PERFECT DAYSのユウカのレビュー・感想・評価

PERFECT DAYS(2023年製作の映画)
3.9
わたしが生きる毎日に
形に残せるような日は
何日あるのだろう?

映画を見終わって最初に思ったことだ。


平井の毎日はとてもパーフェクトとはいえず、
同じことの繰り返しでとても羨ましいとは思えない。

休日も同じルーティンの繰り返し。
部屋で育てる植物は大きな変化がわかりにくいし感情もない。

もう少し、、生き物を飼ったりしてはどうか?
と思ってしまうほどだ。

平井は毎日、公園で同じアングルで写真を撮る。

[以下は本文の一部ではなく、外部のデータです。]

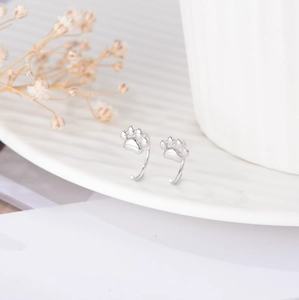 Macro shot of silver cat paw earrings on a white plate with delicate dried flowers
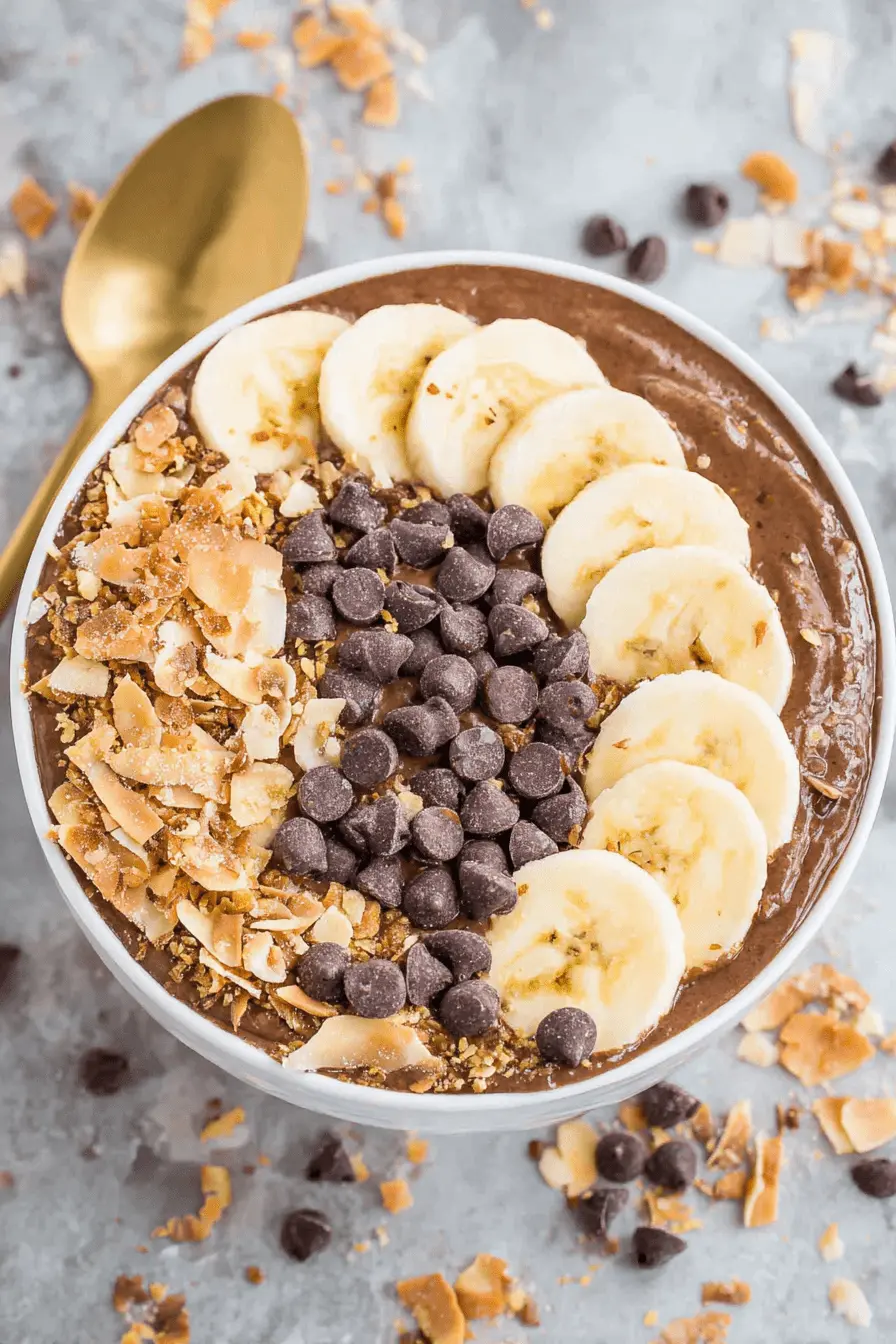 The Ultimate Chunky Monkey Smoothie Bowls 2 Overhead shot of thick chocolate Chunky Monkey Smoothie Bowls topped with banana slices, dark chocolate chips, and toasted coconut flakes.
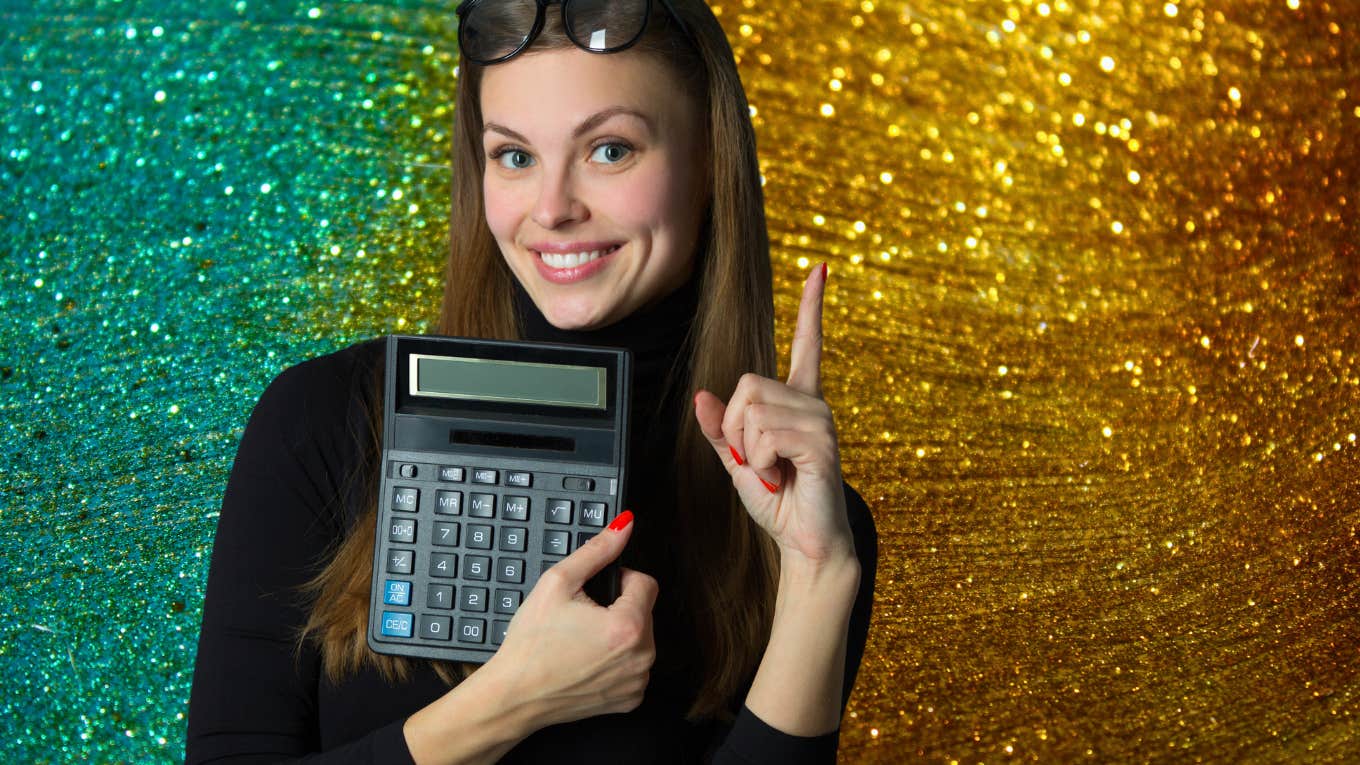beautiful woman smiling holding calculator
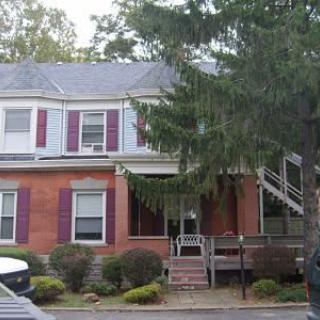 A two-story brick house with a porch and surrounding trees.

そして現像しては選別し、きれいに撮れたものだけを残す。

フィルムじゃなくてデジタルにすれば?
でもあの写真は彼にとっての「日々」だとしたら、
過ごしてから書き換えられる日々はなくて
それはまるでフィルムカメラのようだと思った。
(ただ、思い出に残したいのは「気に入った写真(日々)」だけなのかも)


そんな平井の何気ない毎日に訪れる
さまざまな変化たち。

トイレのまるばつゲーム
たかしに気になる女の子ができた日
その子にキスされた日
いつもの居酒屋が混んでいた日
にこが来ていつものルーティンが"2人"になった日々
想いを寄せていた人が、男を身を寄せていた日

女将の元夫に放った
「何も変わらないなんて
そんなことあるもんか
そんなふうにさせるもんか」

それは同じような毎日を送る平井にとって
どうかこの日々を無意味なものにしたくない
生きることには意味も、たのしみもある
という強い気持ちが込められた言葉だったと思う。

こもれびは一枚一枚の葉の重なり。
似たように見えても、同じものは一度とない。

これが平井の(もしかすると私たちの)日々そのものなのではないか。

最後の涙は
幸せか、諦めか 肯定か、否定か
まだ30年も生きていないわたしには
少し判断が難しい。

だからまずは、これからもう少し
自分が生きる日々とゆっくり向き合っていきたい。